The Blue Wisp Jazz Club in Cincinnati, 318 East Eighth St. (513-241-WISP), is featuring local and regional talent during February, with the exception of an amazing, yet unconfirmed as of deadline time appearance on Friday, February 18 by guitarist Rez Abbasi with Rudresh Mahanthappa on alto, Johannes Weidenmueller on bass, Dan Weiss on drums and Vijay Iyer on piano! Wednesdays remain the province of The Blue Wisp Big Band. For details and the full schedule, the website is: www.thebluewisp.com.
The Redmoor, Mt. Lookout Square, 3187 Linwood Avenue, in Cincinnati, 513-871-6789, www.jazzincincy.com. As of deadline time, the club brings in Norman Connors and the Starship Orchestra for a “Valentine Love” show on February 12, plus local and regional talent throughout the month.
Please sign up for updated local jazz listings: The Louisville Jazz Society has revamped its website (www.louisvillejazz.org), and offers a new means to disseminate news of live performances locally: be sure to sign up for the e-mail “Louisville Jazz Society's Jazz Insider.” It is both impossible for me to try to provide complete listings here, and it would be duplicative of the weekly listings in the Courier-Journal and LEO and the Louisville Music News’ monthly music listings, in both the print and online editions (www.louisvillemusicnews.net).
The Doors: When You’re Strange (Eagle Rock DVD) and The Rolling Stones: Stones In Exile (Eagle Rock DVD)
Due to space limitations in the print edition, my review of these two documentaries was posted online only, at: www.louisvillemusicnews.net/webmanager/index.php?WEB_CAT_ID=50&storyid=6874&headline=When_You're_Strange/Stones_In_Exile&issueid=262
A Tale of Two Saxophonists: Charles Lloyd: Mirror (ECM) and Roscoe Mitchell: Far Side (ECM)

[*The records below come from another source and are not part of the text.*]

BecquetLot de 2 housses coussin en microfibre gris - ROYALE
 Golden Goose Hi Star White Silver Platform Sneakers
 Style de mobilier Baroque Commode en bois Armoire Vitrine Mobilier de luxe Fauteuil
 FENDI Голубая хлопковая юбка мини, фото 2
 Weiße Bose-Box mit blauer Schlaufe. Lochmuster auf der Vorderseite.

Charles Lloyd and Roscoe Mitchell both came to prominence in the 1960s, and both have been trailblazers, albeit in different styles. While both might loosely be tagged as post-Coltrane, Lloyd’s music is more approachable, while Mitchell’s tends to be more cerebral. New releases on ECM show the label’s commitment to challenging music and top production values.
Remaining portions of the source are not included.